How to Express Love Languages The Best Way In Your Relationship

by Ominigbo Ovie Jeffery
2 comments
love languages

If you ask Nigerians their thoughts about love, they will tell you it’s overrated. Telling you, “last last na everybody go chop breakfast.”

Then, the question is; why did end up with such mentality? It’s because they don’t know the ingredients to spice their relationships.

This article will change that by telling you how to express love in your relationship through some languages.

These languages are not Igbo, Swahili, Yoruba or Egun. They are forms of affection that will make your relationship sweet.

What is a Love Language?

The phrase “love language” refers to the preferred method of showing and receiving affection from a spouse. This refers to the expressions of love various people would like to receive from others.

The phrase employs the word “language” to describe a certain way (or ways) that a romantic partner prefers to communicate (or experience) love, which may or may not include words.

Different Types of Love Languages

Dr. Gary Chapman, author of “The Five Love Languages: How to Express Heartfelt Commitment to Your Mate,” asserts that there are five different ways to express love. These five love languages refer to the five straightforward ways we want to be loved and the five straightforward ways we love others.

love

A lot of people like physical touch

This may be happening in a platonic or romantic connection. According to Dr. Gary Chapman, each individual has a core love language and several secondary ones. These are five love languages, let’s look at them:

  1. Words of affirmation as a love language

People who prioritize verbal expressions of love, such as frequent “I love you” compliments, words of gratitude, vocal encouragement, praise, and frequently occurring digital interactions like texting and social media involvement, are said to have a love language known as “words of affirmation.”

You can brighten their day by giving them praise or pointing out their accomplishments.

  1. Quality time as a love language

If quality time is someone’s preferred communication, they frequently demand attention. This is common for ladies. When the total amount of attention they desire is delivered, they feel appreciated. They flourish when you spend more time with them than you can possibly communicate.

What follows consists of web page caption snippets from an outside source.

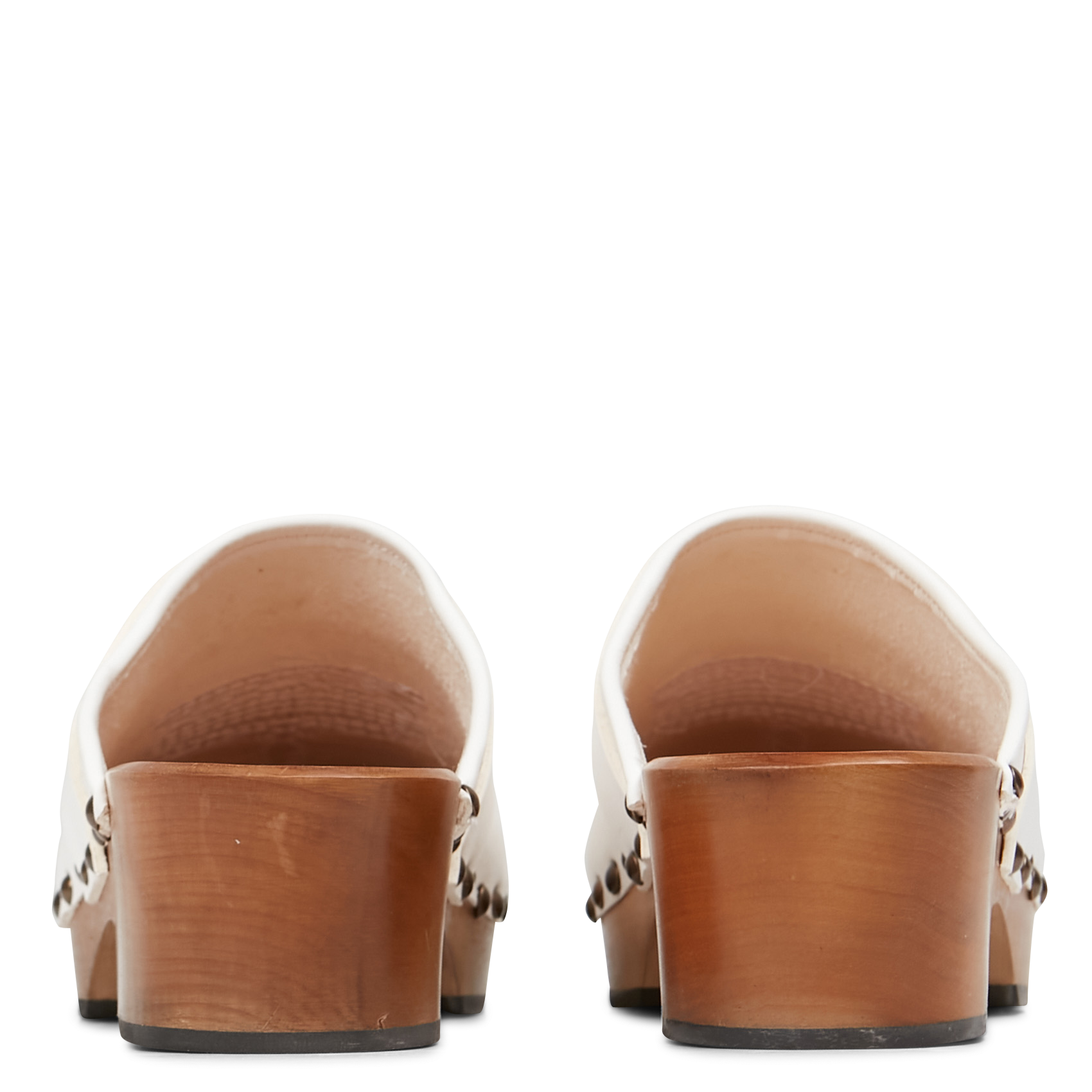 INES - Sabots en cuir de vachette | Blanc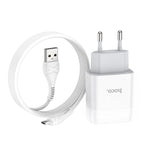 Wall charger “C72A Glorious” EU plug single USB set with cable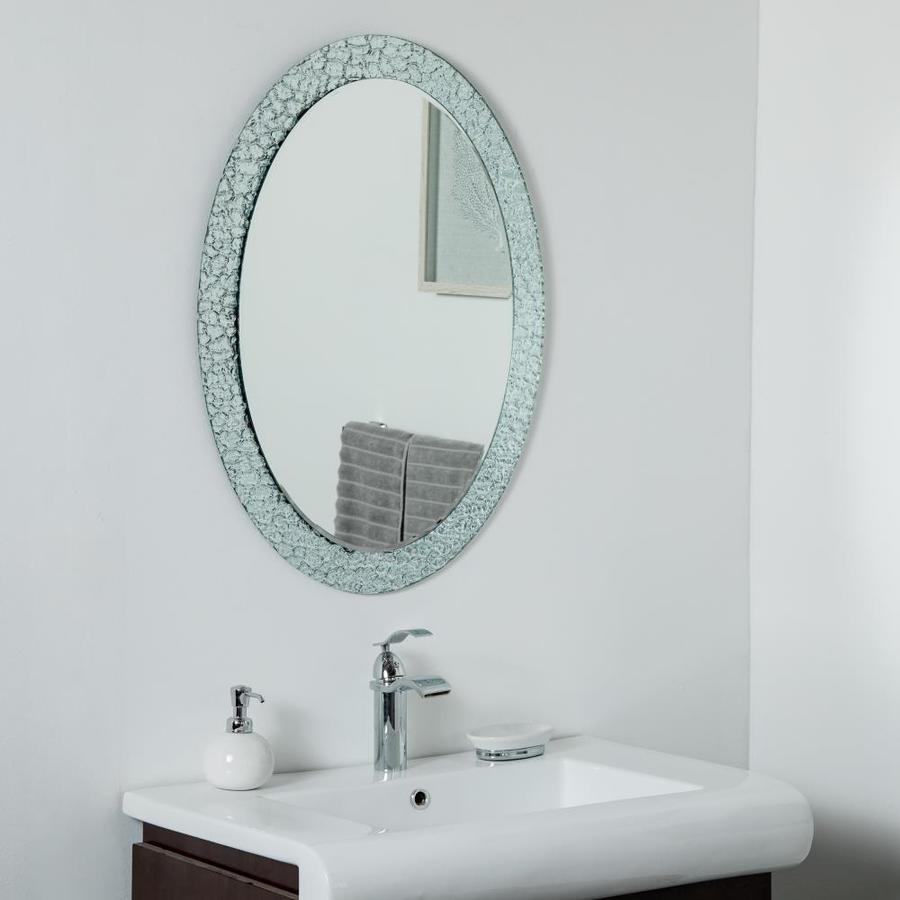 Decor Wonderland 23.6in Silver Oval Frameless Bathroom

For this type of people, showing someone you love them doesn’t require saying it aloud. Instead, it only requires giving them enough of your undivided attention. Using phones reduces eye contact, and not listening becomes inappropriate for these people.

  1. Acts of service as a love language

People with this love language value those who go above and beyond to ease their burdens. This is the love language for those who think that deeds speak louder than words.

People on this list want to be shown how much they are valued, unlike those who prefer to hear it. Performing tasks such as housework, lawn mowing, etc., demonstrates your affection for them.

  1. Gifts as a love language

These people absolutely like receiving things. The love language of gifts is relatively simple. When someone gives you “visual markers of love,” as Chapman puts it, you feel cherished. The symbolic meaning behind the object is more important than its monetary value.

This type of person appreciates the process of giving gifts, including careful consideration, thoughtful selection of the gift to symbolize the connection, and the emotional rewards of receiving one.

  1. Physical touch as a love language

When held in the hands or arms, kissed, cuddled on the couch, or engaged in sex, people whose preferred method of expression is physical touch experience love. For those who use this love language, physical closeness and touch can be immensely reassuring and act as a strong emotional connector.

According to Motamedi, the origins can be traced back to our early years, when some people only experienced their parents’ intense love and affection through being hugged, kissed, or caressed.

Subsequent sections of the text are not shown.